Using ‘volatile’ to mean the object referred to is in shared memory, seems like a bad corner to remove prematurely; one of the useful permutations may even be lost.

I think that is a nice-to-have outcome, but shared already appears in type qualifier like places, so I wouldn’t want to constrain the solution.

I didn’t spot that, would you please give me a pointer to where nVidia has said that?

My $0.02 worth,


Edit: PS: I’m okay with attribute((shared)) in the places where I’ve used shared as a general type qualifier, I think that may work anyway. If it helps the parser, nVidia could use undecorated shared as a ‘storage qualifier’ (a new concept AFAIK).


Just to let you know: In my tests I have seen that “volatile” already has the predicted effect in the CUDA device functions.
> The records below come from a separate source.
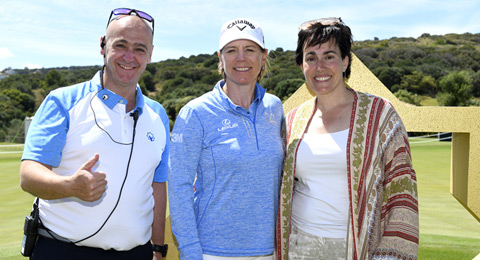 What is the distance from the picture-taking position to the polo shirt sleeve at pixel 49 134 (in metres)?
2.24

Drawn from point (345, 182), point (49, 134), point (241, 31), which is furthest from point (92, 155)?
point (345, 182)

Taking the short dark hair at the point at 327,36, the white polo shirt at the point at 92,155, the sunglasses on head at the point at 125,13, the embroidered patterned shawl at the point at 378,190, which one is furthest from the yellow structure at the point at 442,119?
the white polo shirt at the point at 92,155

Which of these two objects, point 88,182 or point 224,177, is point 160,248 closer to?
point 224,177

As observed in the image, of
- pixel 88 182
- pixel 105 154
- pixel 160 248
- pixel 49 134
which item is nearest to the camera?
pixel 88 182

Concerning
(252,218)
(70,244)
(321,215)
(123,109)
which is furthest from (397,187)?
(70,244)

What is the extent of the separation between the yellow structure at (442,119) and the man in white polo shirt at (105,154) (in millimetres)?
2287

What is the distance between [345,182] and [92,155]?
4.79ft

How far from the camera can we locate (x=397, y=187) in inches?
92.6

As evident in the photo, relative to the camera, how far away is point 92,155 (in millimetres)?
2334

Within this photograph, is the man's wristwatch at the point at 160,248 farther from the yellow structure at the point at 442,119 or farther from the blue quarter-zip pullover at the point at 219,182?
the yellow structure at the point at 442,119

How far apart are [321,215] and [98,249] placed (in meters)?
1.32

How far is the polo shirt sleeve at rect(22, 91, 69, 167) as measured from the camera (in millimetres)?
2240

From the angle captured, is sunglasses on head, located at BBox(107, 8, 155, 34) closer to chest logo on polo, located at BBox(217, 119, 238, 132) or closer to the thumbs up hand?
chest logo on polo, located at BBox(217, 119, 238, 132)

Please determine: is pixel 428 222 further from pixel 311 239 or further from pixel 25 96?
pixel 25 96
I found a situation where setting a shared variable (flag) in one thread had no effect in the other threads of the same warp unless I either added an extra __syncthreads() call or declared the shared variable volatile.

The code with no volatile modifier resulted in a ptx assembly where an unupdated register value was used instead of the shared variable. Adding the volatile modifier made the compiler include the needed ld.shared.u32 instruction to the ptx file and the code started working correctly. As I told, the additional __syncthreads() call had the same effect but the bar.wait instruction would be excess for synchronising just one warp.


/Pyry - Thank you for that feedback, that’s very helpful to know, and saves me some effort.

Thanks guys, I meant type modifier. I know it is a hack. You need to be able to have different indirections within a multilevel reference able to be specified as global or shared. My understanding is that Pyry’s use is invalid in the general sense since you cannot predict the dispatch order of warps within a block so even getting the compiler to write the variable is no guarantee that it will be set for others (unless you are running just 1 warp, and warp size is implementation dependent). You have to use a sync. That is why I said volatile is redundant for shared and global memory. It does have this use for 1 warp but in the G80 you can only get 33% occupancy this way.

My bug is that when the compiler decides to suboptimise a shared mem pointer into a register it forgets that is a shared mem pointer.


ed: a sync in a 1 warp block is a noop

Yes you can run multiple independent warps this way. The trick is to have a shared array of as many or more elements as there are warps and then let eg. blockDim.x be equal to warp size and blockDim.y define the number of warps for the CUDA function. Then each warp can have its own flag:

__shared__ volatile uint flag[8]; // 8 to be the max # of warps per block

do {

    if (threadIdx.x == 0) flag[threadIdx.y] = 0; // threadIdx.y is the warp index

    // ...

    if (continue_condition()) flag[threadIdx.y] = 1; // drawback: possible bank conflict

} while (flag[threadIdx.y]);

// etc.

What I pointed out was that this kind of a loop can become infinite if the volatile keyword is left out.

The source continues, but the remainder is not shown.